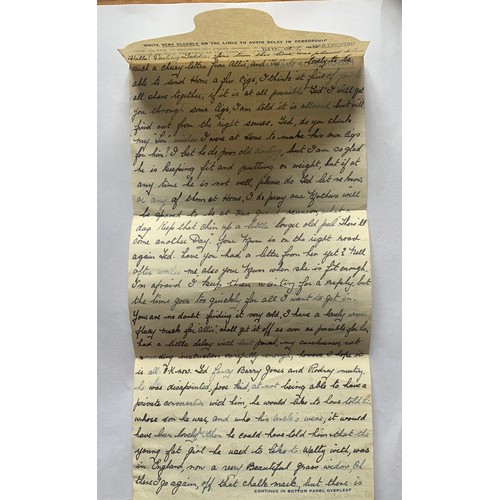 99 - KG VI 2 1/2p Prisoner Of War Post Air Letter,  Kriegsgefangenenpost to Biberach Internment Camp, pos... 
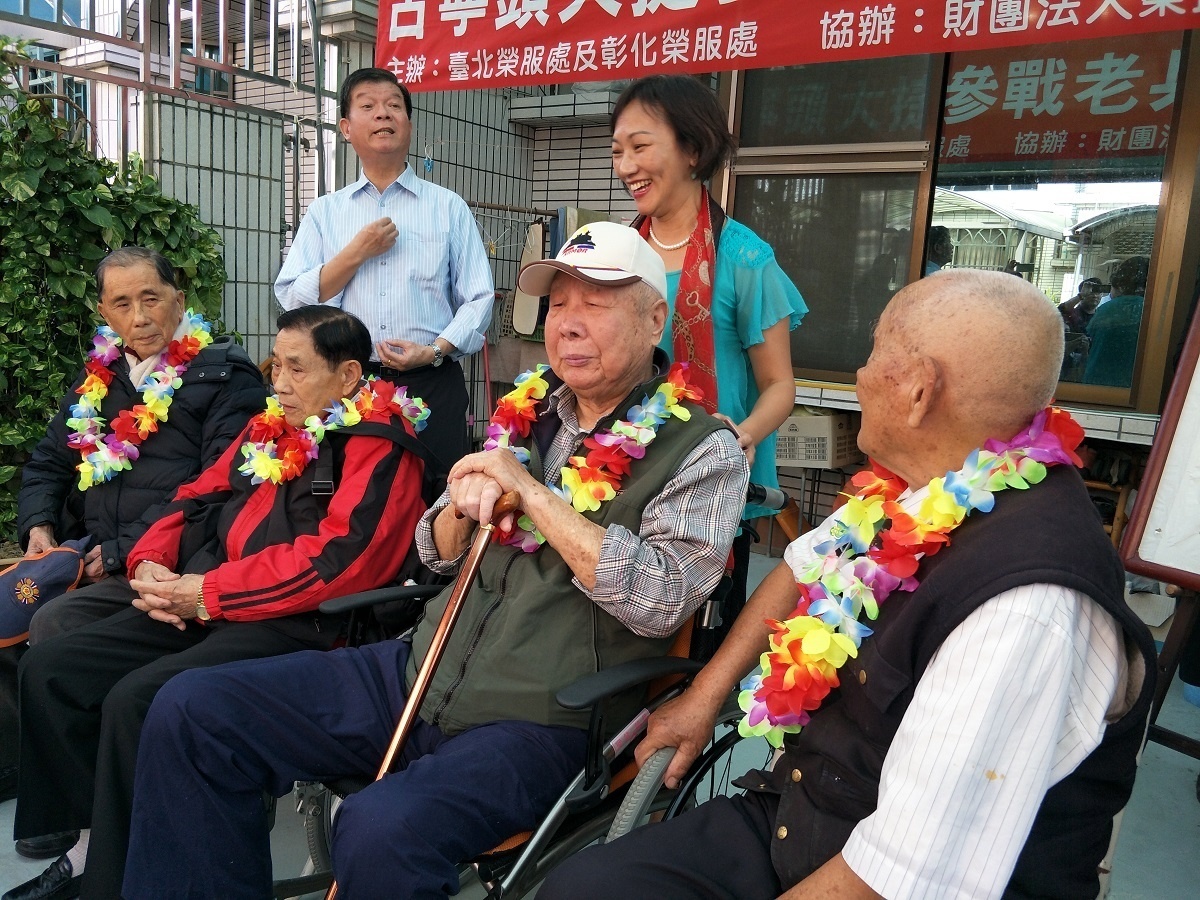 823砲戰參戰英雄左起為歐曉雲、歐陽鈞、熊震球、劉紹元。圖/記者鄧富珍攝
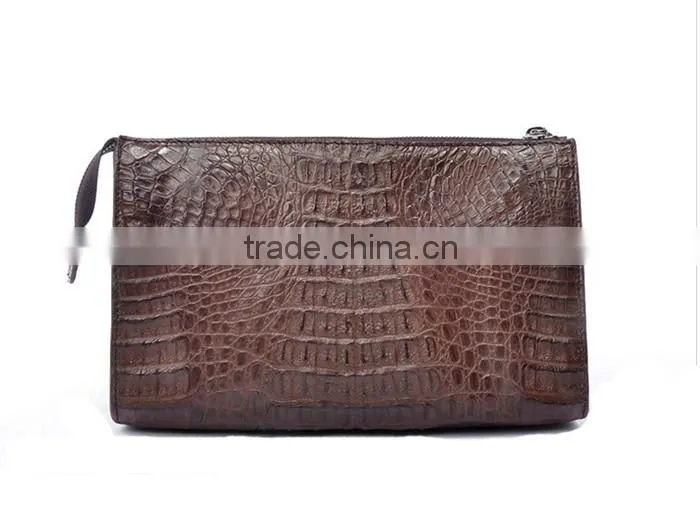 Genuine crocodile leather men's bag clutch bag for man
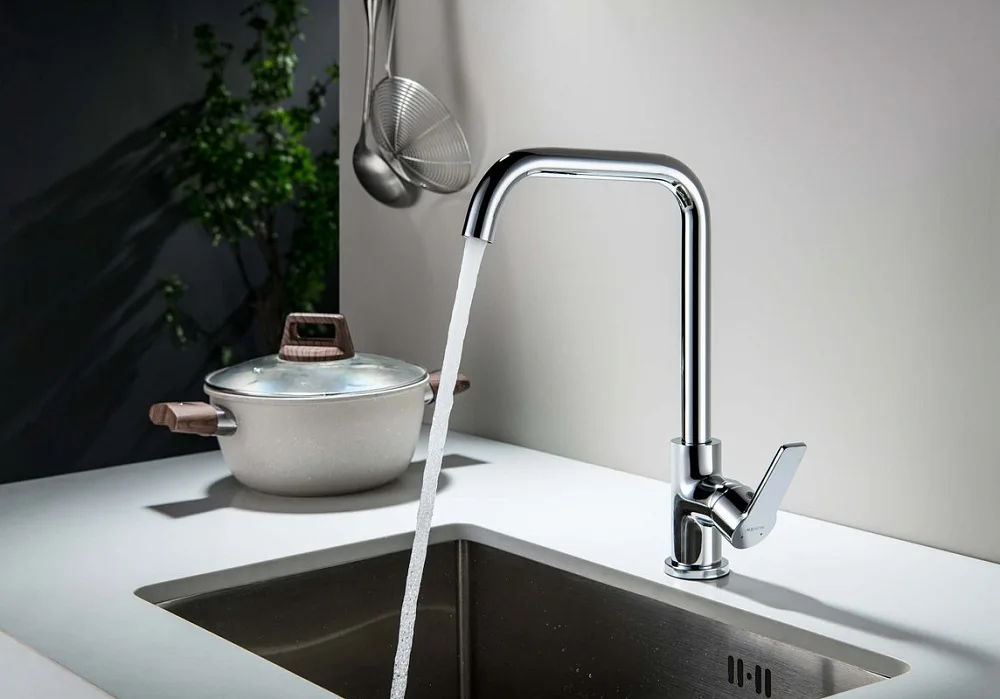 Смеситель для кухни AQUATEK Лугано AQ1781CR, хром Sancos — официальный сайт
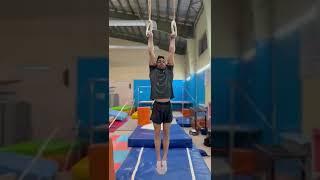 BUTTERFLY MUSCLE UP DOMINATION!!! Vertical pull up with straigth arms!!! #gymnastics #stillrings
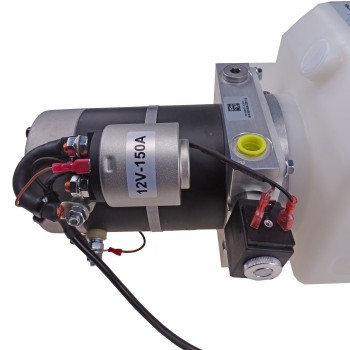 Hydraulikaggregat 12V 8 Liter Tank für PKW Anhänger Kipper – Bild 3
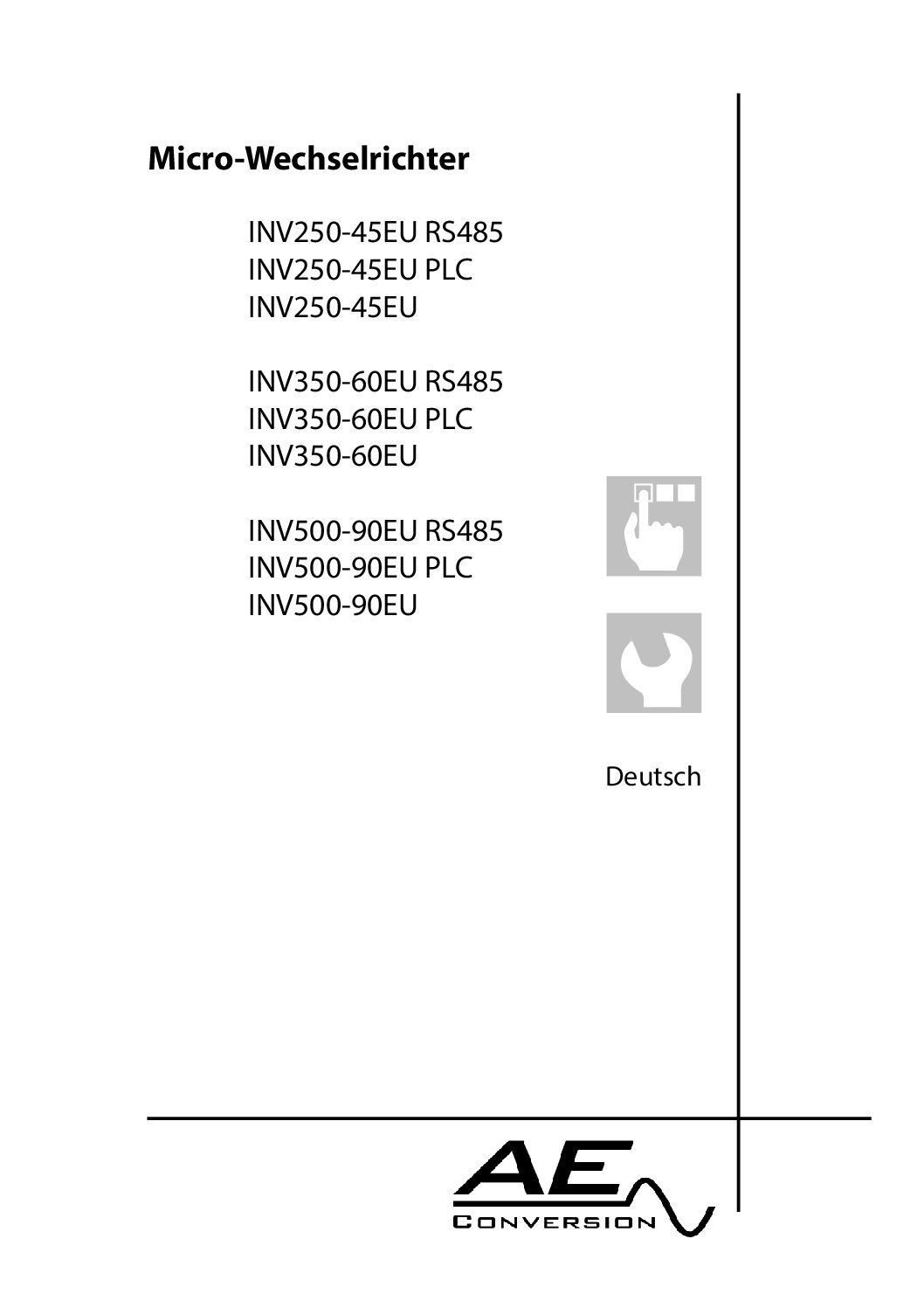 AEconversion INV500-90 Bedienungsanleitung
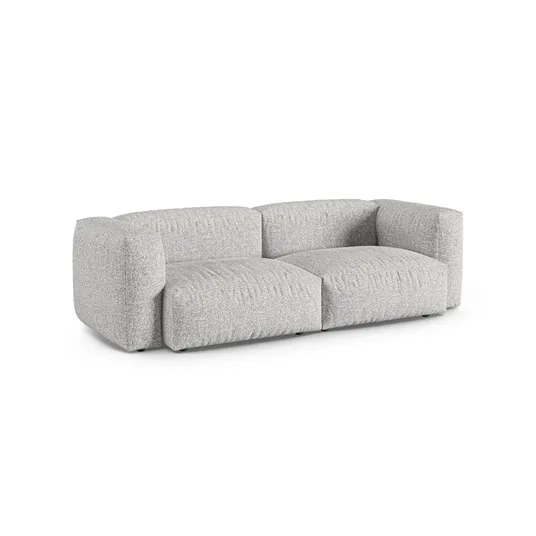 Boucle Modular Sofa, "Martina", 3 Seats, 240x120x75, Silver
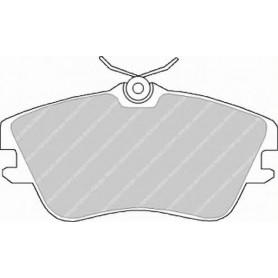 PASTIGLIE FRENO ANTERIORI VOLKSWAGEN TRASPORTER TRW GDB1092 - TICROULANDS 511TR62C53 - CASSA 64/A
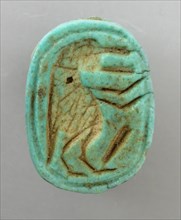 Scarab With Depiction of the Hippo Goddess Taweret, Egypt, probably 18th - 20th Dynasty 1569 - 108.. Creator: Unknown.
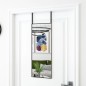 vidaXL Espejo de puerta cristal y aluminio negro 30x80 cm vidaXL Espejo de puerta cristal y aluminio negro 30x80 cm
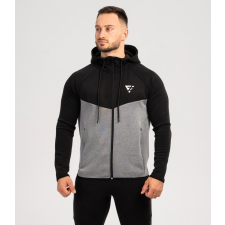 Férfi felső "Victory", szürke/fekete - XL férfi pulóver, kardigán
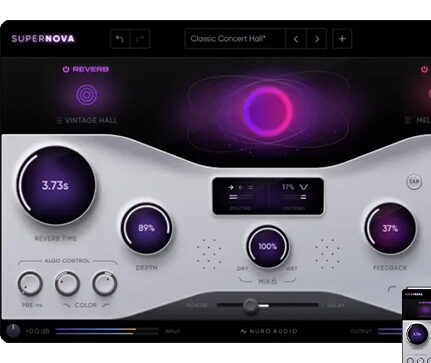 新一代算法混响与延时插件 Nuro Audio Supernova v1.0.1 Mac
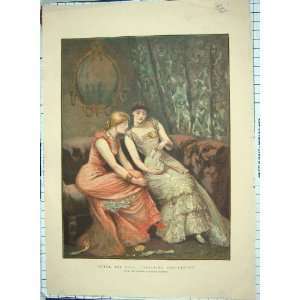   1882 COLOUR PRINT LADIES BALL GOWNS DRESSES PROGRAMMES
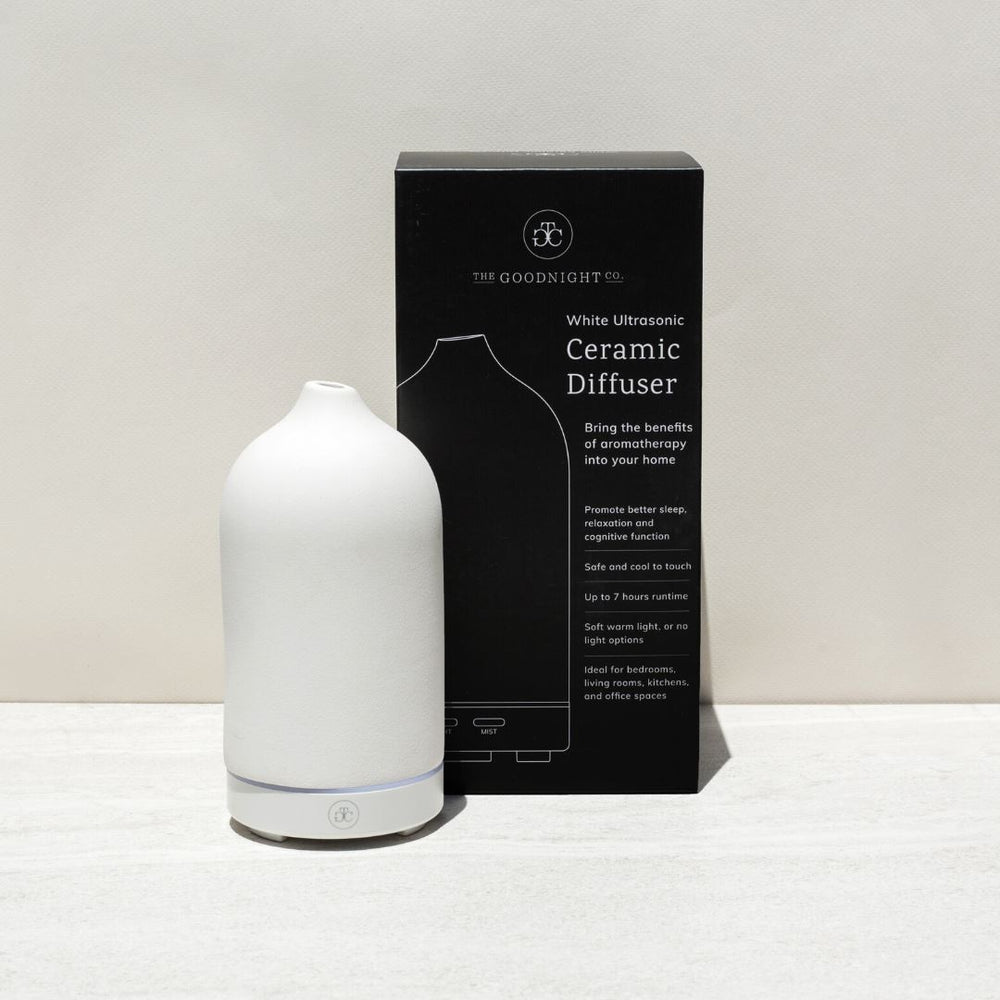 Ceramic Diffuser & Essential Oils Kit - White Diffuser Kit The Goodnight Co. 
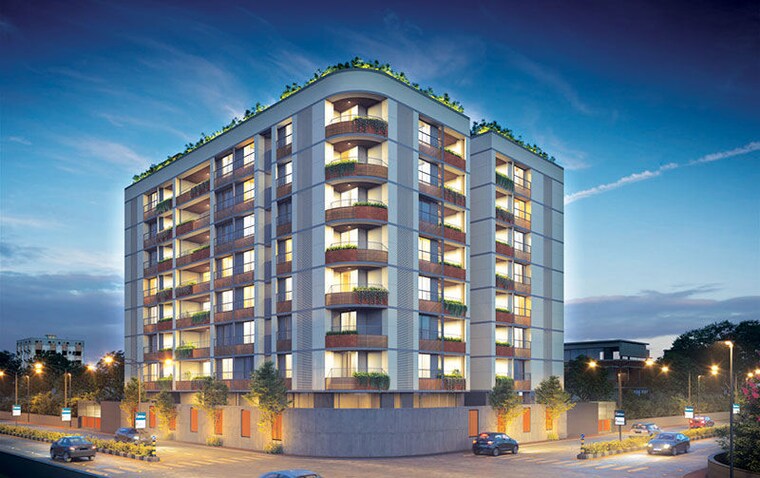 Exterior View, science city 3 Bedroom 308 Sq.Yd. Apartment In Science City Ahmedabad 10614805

[What you need to do]
When you transcribe the entries above, keep every word exact and leave out the pictures.

[Result of this task]
 99 - KG VI 2 1/2p Prisoner Of War Post Air Letter,  Kriegsgefangenenpost to Biberach Internment Camp, pos... 
 823砲戰參戰英雄左起為歐曉雲、歐陽鈞、熊震球、劉紹元。圖/記者鄧富珍攝
 Genuine crocodile leather men's bag clutch bag for man
 Смеситель для кухни AQUATEK Лугано AQ1781CR, хром Sancos — официальный сайт
 BUTTERFLY MUSCLE UP DOMINATION!!! Vertical pull up with straigth arms!!! #gymnastics #stillrings
 Hydraulikaggregat 12V 8 Liter Tank für PKW Anhänger Kipper – Bild 3
 AEconversion INV500-90 Bedienungsanleitung
 Boucle Modular Sofa, "Martina", 3 Seats, 240x120x75, Silver
 PASTIGLIE FRENO ANTERIORI VOLKSWAGEN TRASPORTER TRW GDB1092 - TICROULANDS 511TR62C53 - CASSA 64/A
 Scarab With Depiction of the Hippo Goddess Taweret, Egypt, probably 18th - 20th Dynasty 1569 - 108.. Creator: Unknown.
 vidaXL Espejo de puerta cristal y aluminio negro 30x80 cm vidaXL Espejo de puerta cristal y aluminio negro 30x80 cm
 Férfi felső "Victory", szürke/fekete - XL férfi pulóver, kardigán
 新一代算法混响与延时插件 Nuro Audio Supernova v1.0.1 Mac
   1882 COLOUR PRINT LADIES BALL GOWNS DRESSES PROGRAMMES
 Ceramic Diffuser & Essential Oils Kit - White Diffuser Kit The Goodnight Co. 
 Exterior View, science city 3 Bedroom 308 Sq.Yd. Apartment In Science City Ahmedabad 10614805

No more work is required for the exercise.